At age 30, Joseph Lupo decided it was time to fight his own battles. So he started a martial arts business in Whitestone, New York.
“It was always a dream of mine,” Lupo said. “Little kids grow up and they want to be firemen and cops. Me? I wanted to be a martial artist.”
One year later, Lupo’s school, New York Black Belt Center, now boasts 125 students. He said flyers and word-of-mouth are his only two means of advertising.
Lupo has to compete with having two other martial arts schools in the same area. But his school also has one distinct advantage – his father’s reputation among potential customers in the neighborhood.

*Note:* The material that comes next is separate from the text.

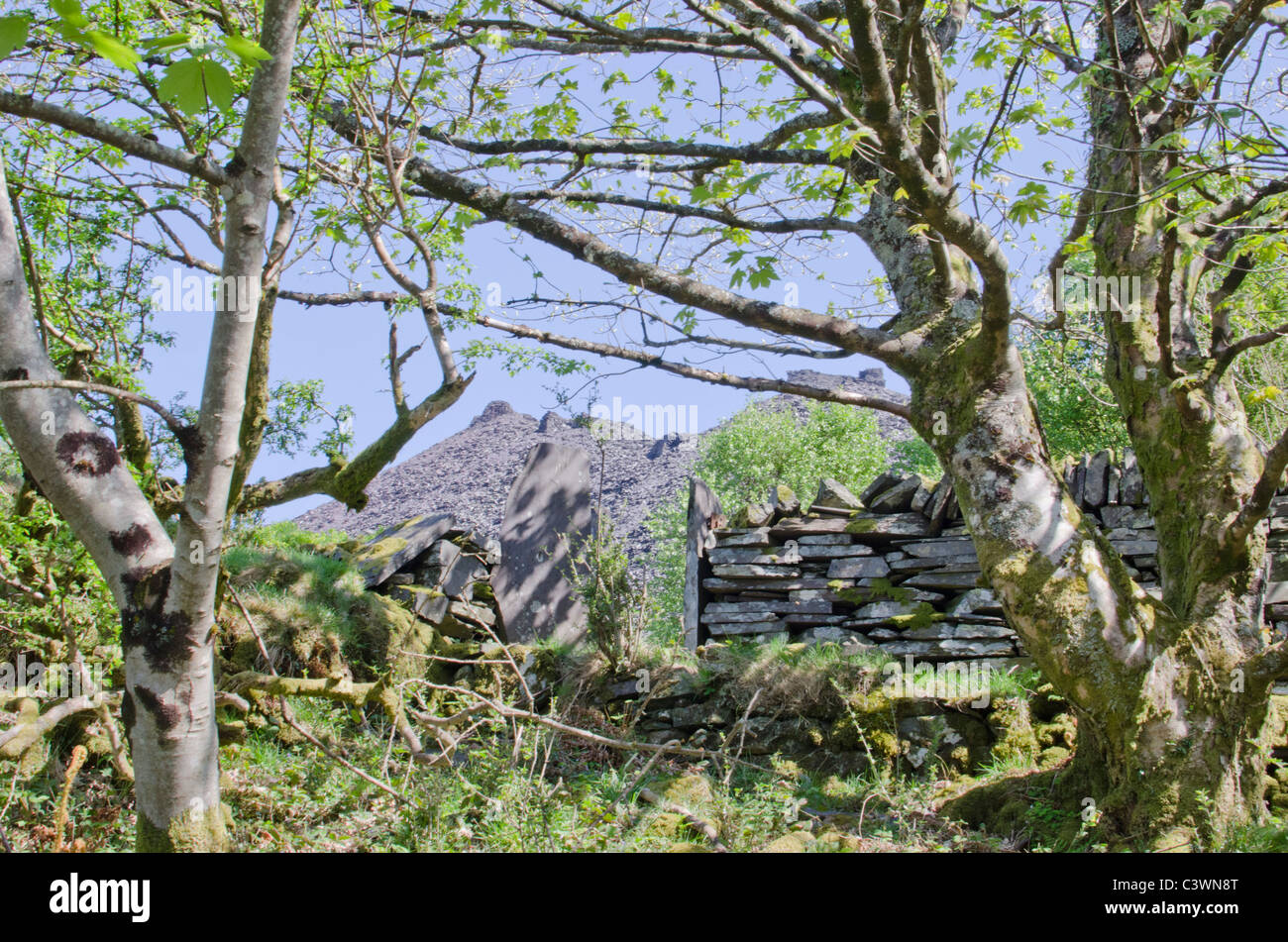 Edificio rovinato sullo skyline, Dinorwig cava di ardesia, Snowdonia, Galles del Nord, Regno Unito Foto Stock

“My father used to teach their parents, now I teach their kids,” he said.
But Lupo doesn’t just teach kids. He teaches adults too. And it’s a full-time job. Every weekday, Lupo comes in at 10 a.m. and leaves around 9:30 p.m.
Plus, he teaches all of his classes. He won’t let anyone else — except his father.
“When you have one leader, it creates better technique,” he said. “It creates better harmony within the school.”
Lupo said he saw the effects of disharmony in the martial arts business after a rift between his father and his father’s business partner led to both going their separate ways.
He said he has black belts in his class who are capable of teaching, too. But he said he strongly believes that there should only be “one chief” and “lots of Indians.”